Devenue HMS SEINE, elle subit un carénage à Chatham Dockyard dans le Kent (GB) entre Juin et Juillet 1803; ses plans furent copiés. Peu après son retour en service elle s'échoua sur un banc de sable au nord de Terschelling (île néerlandaise) , le 21 Juillet 1803. Les pilotes avaient assuré le capitaine Milne que sa position était sûre. Quarante minutes plus tard, elle talonnait le banc de sable. L'équipage a travaillé jusqu'au petit matin, avec l'aide de deux navires marchands pour la déséchouer, mais en vain. A 11h30 l'équipage abandonne la frégate et mettent le feu. Une cour martiale réunie le 4 août 1803, a honorablement acquitté le capitaine Milne, ses officiers et l'équipage de la perte du navire. Toutefois, elle a constaté la culpabilité des pilotes et les a condamnés à être privés de tous salaires pendant deux ans et emprisonné pour deux ans.

 

Julien Gabriel BIGOT de la Robillardière, le commandant héroïque de "La Seine" est né le 4 avril 1761 à Villaines-la-Juhel (Mayenne) et décédé le 15 mars 1817 à Brest.

 

 

Blessé en plusieurs endroits et la jambe fracassée (il restera handicapé toute sa vie) il fut emmené en captivité en Angleterre et soigné par un chirurgien anglais. Il est emprisonné pendant trois mois à bord du ponton "Le Prothée".

Bientôt libéré, "en égard au courage malheureux", le capitaine Bigot, qui commandait " La Seine" est accueilli triomphalement en France. Le Directoire le cite à l’ordre de la Nation et lui offre des armes d’honneur (*), après qu’un Conseil de Guerre l’ait blanchi de toute responsabilité dans la perte de son navire.

(*) Ces armes d'honneur étaient constituées d'un sabre avec son fourreau, d'un fusil et d'une paire de pistolets (volés par les Allemands)

 

A l’occasion du bicentenaire de cette bataille, la commune de La Tranche a honoré le capitaine Bigot en lui donnant le nom d’une place près de pavillon de l’Aunis ainsi qu’une stèle à la mémoire de ce combat près du phare du Grouin du cou (Place du 12 messidor An VI).

 

 

 

(1) Le terme flûte désigne un navire de guerre  armé spécialement pour le transport de troupes  de 600 à 1500 tonneaux ou pour la logistique (bâtiment-magasin ou hopitaux)

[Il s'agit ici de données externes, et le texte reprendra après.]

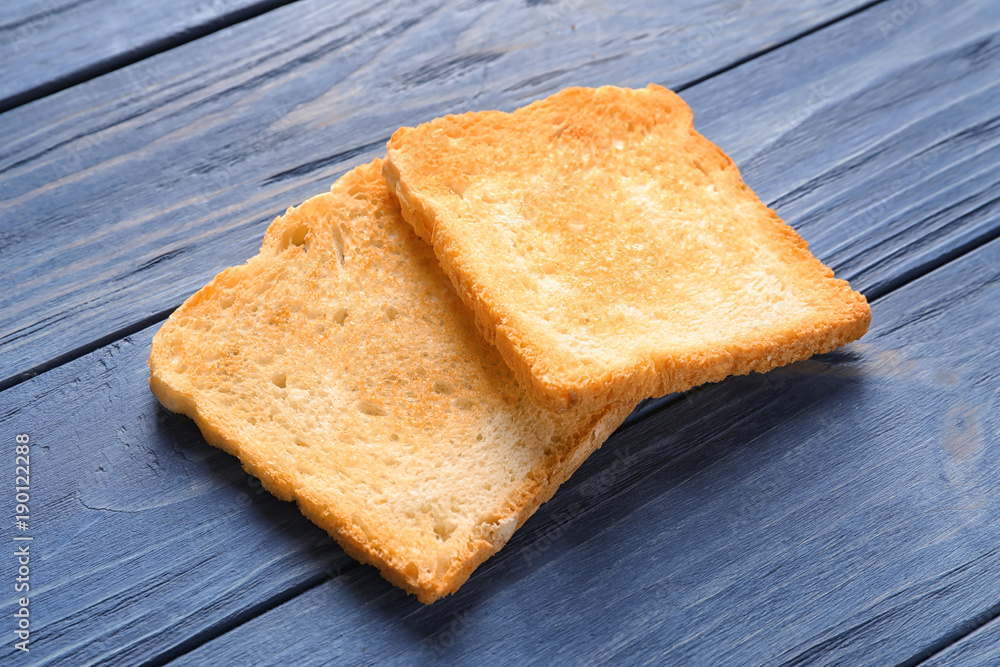 Toasted bread on wooden background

Ce terme sera remplacé par « Corvette de charge » au 19è siècle.

 

2)  Vaisseau Rasé ou Cut down ship  est un vaisseau à deux ponts dont on a coupé ou rasé la batterie supérieure, il n’a donc plus qu’une batterie couverte, il est donc moins lourd dans les hauts, et il acquiert des qualités nautiques dont il était dépourvu.

 

L'ancre de la Pique, patrimoine communal :

 

Sur le site même de la bataille, un groupe de plongeurs locaux s'est passionné pour la frégate. En mai 2009, une expédition a permis de récupérer un véritable trésor d'archéologie maritime. À l'aide de six parachutes de levage, d'une capacité de cinq tonnes, gonflés à l'aide de bouteilles de plongée, une ancre, vraisemblablement celle de la Pique, a été ramenée au jour. Elle trône désormais à l'entrée de la zone du Maupas, à La Tranche-sur-Mer.